START Provided records

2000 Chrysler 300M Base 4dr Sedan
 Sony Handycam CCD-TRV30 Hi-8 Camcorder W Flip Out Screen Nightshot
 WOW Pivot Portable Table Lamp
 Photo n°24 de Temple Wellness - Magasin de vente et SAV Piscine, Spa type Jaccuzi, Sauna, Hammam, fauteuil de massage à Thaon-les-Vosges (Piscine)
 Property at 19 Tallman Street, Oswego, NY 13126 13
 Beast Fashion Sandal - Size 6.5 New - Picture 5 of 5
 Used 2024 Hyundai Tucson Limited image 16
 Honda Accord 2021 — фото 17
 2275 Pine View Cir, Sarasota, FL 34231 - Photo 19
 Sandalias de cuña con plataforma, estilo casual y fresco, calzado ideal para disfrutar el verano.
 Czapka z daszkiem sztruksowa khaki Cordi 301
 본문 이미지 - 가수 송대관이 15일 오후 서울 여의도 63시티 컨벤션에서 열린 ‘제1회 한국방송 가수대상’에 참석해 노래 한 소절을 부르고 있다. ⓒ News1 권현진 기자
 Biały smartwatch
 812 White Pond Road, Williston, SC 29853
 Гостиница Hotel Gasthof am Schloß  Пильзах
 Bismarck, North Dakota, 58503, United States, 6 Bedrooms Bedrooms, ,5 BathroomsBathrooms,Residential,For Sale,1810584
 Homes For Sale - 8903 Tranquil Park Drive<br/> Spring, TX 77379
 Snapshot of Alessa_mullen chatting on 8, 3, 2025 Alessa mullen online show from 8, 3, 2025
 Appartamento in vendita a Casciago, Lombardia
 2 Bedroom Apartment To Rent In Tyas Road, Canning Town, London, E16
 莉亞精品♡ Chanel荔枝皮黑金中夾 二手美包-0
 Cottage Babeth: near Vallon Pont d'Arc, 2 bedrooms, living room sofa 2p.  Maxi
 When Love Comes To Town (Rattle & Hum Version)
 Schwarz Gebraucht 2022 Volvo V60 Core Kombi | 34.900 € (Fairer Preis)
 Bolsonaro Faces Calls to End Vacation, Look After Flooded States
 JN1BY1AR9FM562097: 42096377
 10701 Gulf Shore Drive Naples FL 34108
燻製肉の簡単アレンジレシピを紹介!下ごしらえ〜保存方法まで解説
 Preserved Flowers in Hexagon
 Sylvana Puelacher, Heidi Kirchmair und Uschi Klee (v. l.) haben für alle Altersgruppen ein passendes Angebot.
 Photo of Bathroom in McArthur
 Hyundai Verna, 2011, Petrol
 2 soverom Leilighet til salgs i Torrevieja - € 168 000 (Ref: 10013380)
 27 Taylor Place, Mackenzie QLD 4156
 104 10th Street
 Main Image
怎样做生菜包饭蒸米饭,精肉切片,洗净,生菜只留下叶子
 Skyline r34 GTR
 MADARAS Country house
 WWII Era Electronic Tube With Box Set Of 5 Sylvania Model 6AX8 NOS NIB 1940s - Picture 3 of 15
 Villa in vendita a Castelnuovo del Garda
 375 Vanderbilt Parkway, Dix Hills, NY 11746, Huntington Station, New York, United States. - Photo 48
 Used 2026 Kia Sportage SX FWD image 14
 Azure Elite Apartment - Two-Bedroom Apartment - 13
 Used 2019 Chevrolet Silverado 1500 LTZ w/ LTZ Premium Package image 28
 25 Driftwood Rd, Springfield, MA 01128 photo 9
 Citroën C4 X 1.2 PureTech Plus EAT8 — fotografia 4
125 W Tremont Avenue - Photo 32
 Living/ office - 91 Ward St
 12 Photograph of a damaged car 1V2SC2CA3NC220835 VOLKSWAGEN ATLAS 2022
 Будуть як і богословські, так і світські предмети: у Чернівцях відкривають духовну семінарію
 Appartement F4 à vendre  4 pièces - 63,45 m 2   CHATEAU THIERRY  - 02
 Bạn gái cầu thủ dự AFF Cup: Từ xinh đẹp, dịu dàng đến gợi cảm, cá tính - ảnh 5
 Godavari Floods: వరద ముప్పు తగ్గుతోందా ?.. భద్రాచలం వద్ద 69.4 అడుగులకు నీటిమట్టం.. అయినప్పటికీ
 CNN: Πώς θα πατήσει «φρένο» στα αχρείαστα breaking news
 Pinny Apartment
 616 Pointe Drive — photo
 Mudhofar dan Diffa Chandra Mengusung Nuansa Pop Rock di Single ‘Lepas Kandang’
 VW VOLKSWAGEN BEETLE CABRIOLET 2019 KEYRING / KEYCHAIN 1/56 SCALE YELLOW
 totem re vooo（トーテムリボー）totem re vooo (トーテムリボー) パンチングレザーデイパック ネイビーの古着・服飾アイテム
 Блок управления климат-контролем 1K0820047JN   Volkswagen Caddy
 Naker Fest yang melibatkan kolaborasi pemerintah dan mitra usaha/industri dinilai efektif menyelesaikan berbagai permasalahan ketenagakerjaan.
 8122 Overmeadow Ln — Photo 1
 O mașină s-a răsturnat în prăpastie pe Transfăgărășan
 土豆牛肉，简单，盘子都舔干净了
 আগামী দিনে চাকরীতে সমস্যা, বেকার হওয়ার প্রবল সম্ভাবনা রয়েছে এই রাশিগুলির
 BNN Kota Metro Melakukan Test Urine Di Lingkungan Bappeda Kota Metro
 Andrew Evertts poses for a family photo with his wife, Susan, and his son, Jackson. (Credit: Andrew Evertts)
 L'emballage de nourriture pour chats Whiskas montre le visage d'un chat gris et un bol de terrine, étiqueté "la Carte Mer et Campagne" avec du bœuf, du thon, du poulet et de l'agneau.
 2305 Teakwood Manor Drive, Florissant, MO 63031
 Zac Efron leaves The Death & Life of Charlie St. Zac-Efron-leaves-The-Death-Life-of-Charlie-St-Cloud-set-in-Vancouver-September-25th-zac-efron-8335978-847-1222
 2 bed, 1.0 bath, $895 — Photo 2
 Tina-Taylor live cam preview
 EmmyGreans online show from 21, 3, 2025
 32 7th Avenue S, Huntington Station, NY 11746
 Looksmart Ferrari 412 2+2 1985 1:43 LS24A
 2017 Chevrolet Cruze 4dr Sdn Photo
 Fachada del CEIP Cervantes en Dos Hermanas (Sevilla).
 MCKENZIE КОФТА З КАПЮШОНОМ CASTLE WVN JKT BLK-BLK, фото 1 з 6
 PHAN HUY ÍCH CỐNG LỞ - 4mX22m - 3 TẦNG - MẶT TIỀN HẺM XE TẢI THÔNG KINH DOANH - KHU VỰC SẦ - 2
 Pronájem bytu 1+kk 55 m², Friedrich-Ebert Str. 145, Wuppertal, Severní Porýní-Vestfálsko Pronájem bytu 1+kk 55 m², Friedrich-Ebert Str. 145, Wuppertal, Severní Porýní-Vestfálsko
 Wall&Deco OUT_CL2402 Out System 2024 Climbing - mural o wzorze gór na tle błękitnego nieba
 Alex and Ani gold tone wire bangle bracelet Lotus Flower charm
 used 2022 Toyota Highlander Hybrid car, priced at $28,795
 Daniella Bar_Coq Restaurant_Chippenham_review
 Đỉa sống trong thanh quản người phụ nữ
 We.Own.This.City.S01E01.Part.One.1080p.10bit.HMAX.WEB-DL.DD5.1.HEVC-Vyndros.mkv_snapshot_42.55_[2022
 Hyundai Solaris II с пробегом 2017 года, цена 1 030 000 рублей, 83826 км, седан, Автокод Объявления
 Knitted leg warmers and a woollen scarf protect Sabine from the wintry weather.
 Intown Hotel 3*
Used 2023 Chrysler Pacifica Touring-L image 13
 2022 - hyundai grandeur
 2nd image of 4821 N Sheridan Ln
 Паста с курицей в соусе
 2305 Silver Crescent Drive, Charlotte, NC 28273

END Provided records

▶ _Problem details_
Every entry above must be copied exactly.

▶ _Solution below_
2000 Chrysler 300M Base 4dr Sedan
 Sony Handycam CCD-TRV30 Hi-8 Camcorder W Flip Out Screen Nightshot
 WOW Pivot Portable Table Lamp
 Photo n°24 de Temple Wellness - Magasin de vente et SAV Piscine, Spa type Jaccuzi, Sauna, Hammam, fauteuil de massage à Thaon-les-Vosges (Piscine)
 Property at 19 Tallman Street, Oswego, NY 13126 13
 Beast Fashion Sandal - Size 6.5 New - Picture 5 of 5
 Used 2024 Hyundai Tucson Limited image 16
 Honda Accord 2021 — фото 17
 2275 Pine View Cir, Sarasota, FL 34231 - Photo 19
 Sandalias de cuña con plataforma, estilo casual y fresco, calzado ideal para disfrutar el verano.
 Czapka z daszkiem sztruksowa khaki Cordi 301
 본문 이미지 - 가수 송대관이 15일 오후 서울 여의도 63시티 컨벤션에서 열린 ‘제1회 한국방송 가수대상’에 참석해 노래 한 소절을 부르고 있다. ⓒ News1 권현진 기자
 Biały smartwatch
 812 White Pond Road, Williston, SC 29853
 Гостиница Hotel Gasthof am Schloß  Пильзах
 Bismarck, North Dakota, 58503, United States, 6 Bedrooms Bedrooms, ,5 BathroomsBathrooms,Residential,For Sale,1810584
 Homes For Sale - 8903 Tranquil Park Drive<br/> Spring, TX 77379
 Snapshot of Alessa_mullen chatting on 8, 3, 2025 Alessa mullen online show from 8, 3, 2025
 Appartamento in vendita a Casciago, Lombardia
 2 Bedroom Apartment To Rent In Tyas Road, Canning Town, London, E16
 莉亞精品♡ Chanel荔枝皮黑金中夾 二手美包-0
 Cottage Babeth: near Vallon Pont d'Arc, 2 bedrooms, living room sofa 2p.  Maxi
 When Love Comes To Town (Rattle & Hum Version)
 Schwarz Gebraucht 2022 Volvo V60 Core Kombi | 34.900 € (Fairer Preis)
 Bolsonaro Faces Calls to End Vacation, Look After Flooded States
 JN1BY1AR9FM562097: 42096377
 10701 Gulf Shore Drive Naples FL 34108
燻製肉の簡単アレンジレシピを紹介!下ごしらえ〜保存方法まで解説
 Preserved Flowers in Hexagon
 Sylvana Puelacher, Heidi Kirchmair und Uschi Klee (v. l.) haben für alle Altersgruppen ein passendes Angebot.
 Photo of Bathroom in McArthur
 Hyundai Verna, 2011, Petrol
 2 soverom Leilighet til salgs i Torrevieja - € 168 000 (Ref: 10013380)
 27 Taylor Place, Mackenzie QLD 4156
 104 10th Street
 Main Image
怎样做生菜包饭蒸米饭,精肉切片,洗净,生菜只留下叶子
 Skyline r34 GTR
 MADARAS Country house
 WWII Era Electronic Tube With Box Set Of 5 Sylvania Model 6AX8 NOS NIB 1940s - Picture 3 of 15
 Villa in vendita a Castelnuovo del Garda
 375 Vanderbilt Parkway, Dix Hills, NY 11746, Huntington Station, New York, United States. - Photo 48
 Used 2026 Kia Sportage SX FWD image 14
 Azure Elite Apartment - Two-Bedroom Apartment - 13
 Used 2019 Chevrolet Silverado 1500 LTZ w/ LTZ Premium Package image 28
 25 Driftwood Rd, Springfield, MA 01128 photo 9
 Citroën C4 X 1.2 PureTech Plus EAT8 — fotografia 4
125 W Tremont Avenue - Photo 32
 Living/ office - 91 Ward St
 12 Photograph of a damaged car 1V2SC2CA3NC220835 VOLKSWAGEN ATLAS 2022
 Будуть як і богословські, так і світські предмети: у Чернівцях відкривають духовну семінарію
 Appartement F4 à vendre  4 pièces - 63,45 m 2   CHATEAU THIERRY  - 02
 Bạn gái cầu thủ dự AFF Cup: Từ xinh đẹp, dịu dàng đến gợi cảm, cá tính - ảnh 5
 Godavari Floods: వరద ముప్పు తగ్గుతోందా ?.. భద్రాచలం వద్ద 69.4 అడుగులకు నీటిమట్టం.. అయినప్పటికీ
 CNN: Πώς θα πατήσει «φρένο» στα αχρείαστα breaking news
 Pinny Apartment
 616 Pointe Drive — photo
 Mudhofar dan Diffa Chandra Mengusung Nuansa Pop Rock di Single ‘Lepas Kandang’
 VW VOLKSWAGEN BEETLE CABRIOLET 2019 KEYRING / KEYCHAIN 1/56 SCALE YELLOW
 totem re vooo（トーテムリボー）totem re vooo (トーテムリボー) パンチングレザーデイパック ネイビーの古着・服飾アイテム
 Блок управления климат-контролем 1K0820047JN   Volkswagen Caddy
 Naker Fest yang melibatkan kolaborasi pemerintah dan mitra usaha/industri dinilai efektif menyelesaikan berbagai permasalahan ketenagakerjaan.
 8122 Overmeadow Ln — Photo 1
 O mașină s-a răsturnat în prăpastie pe Transfăgărășan
 土豆牛肉，简单，盘子都舔干净了
 আগামী দিনে চাকরীতে সমস্যা, বেকার হওয়ার প্রবল সম্ভাবনা রয়েছে এই রাশিগুলির
 BNN Kota Metro Melakukan Test Urine Di Lingkungan Bappeda Kota Metro
 Andrew Evertts poses for a family photo with his wife, Susan, and his son, Jackson. (Credit: Andrew Evertts)
 L'emballage de nourriture pour chats Whiskas montre le visage d'un chat gris et un bol de terrine, étiqueté "la Carte Mer et Campagne" avec du bœuf, du thon, du poulet et de l'agneau.
 2305 Teakwood Manor Drive, Florissant, MO 63031
 Zac Efron leaves The Death & Life of Charlie St. Zac-Efron-leaves-The-Death-Life-of-Charlie-St-Cloud-set-in-Vancouver-September-25th-zac-efron-8335978-847-1222
 2 bed, 1.0 bath, $895 — Photo 2
 Tina-Taylor live cam preview
 EmmyGreans online show from 21, 3, 2025
 32 7th Avenue S, Huntington Station, NY 11746
 Looksmart Ferrari 412 2+2 1985 1:43 LS24A
 2017 Chevrolet Cruze 4dr Sdn Photo
 Fachada del CEIP Cervantes en Dos Hermanas (Sevilla).
 MCKENZIE КОФТА З КАПЮШОНОМ CASTLE WVN JKT BLK-BLK, фото 1 з 6
 PHAN HUY ÍCH CỐNG LỞ - 4mX22m - 3 TẦNG - MẶT TIỀN HẺM XE TẢI THÔNG KINH DOANH - KHU VỰC SẦ - 2
 Pronájem bytu 1+kk 55 m², Friedrich-Ebert Str. 145, Wuppertal, Severní Porýní-Vestfálsko Pronájem bytu 1+kk 55 m², Friedrich-Ebert Str. 145, Wuppertal, Severní Porýní-Vestfálsko
 Wall&Deco OUT_CL2402 Out System 2024 Climbing - mural o wzorze gór na tle błękitnego nieba
 Alex and Ani gold tone wire bangle bracelet Lotus Flower charm
 used 2022 Toyota Highlander Hybrid car, priced at $28,795
 Daniella Bar_Coq Restaurant_Chippenham_review
 Đỉa sống trong thanh quản người phụ nữ
 We.Own.This.City.S01E01.Part.One.1080p.10bit.HMAX.WEB-DL.DD5.1.HEVC-Vyndros.mkv_snapshot_42.55_[2022
 Hyundai Solaris II с пробегом 2017 года, цена 1 030 000 рублей, 83826 км, седан, Автокод Объявления
 Knitted leg warmers and a woollen scarf protect Sabine from the wintry weather.
 Intown Hotel 3*
Used 2023 Chrysler Pacifica Touring-L image 13
 2022 - hyundai grandeur
 2nd image of 4821 N Sheridan Ln
 Паста с курицей в соусе
 2305 Silver Crescent Drive, Charlotte, NC 28273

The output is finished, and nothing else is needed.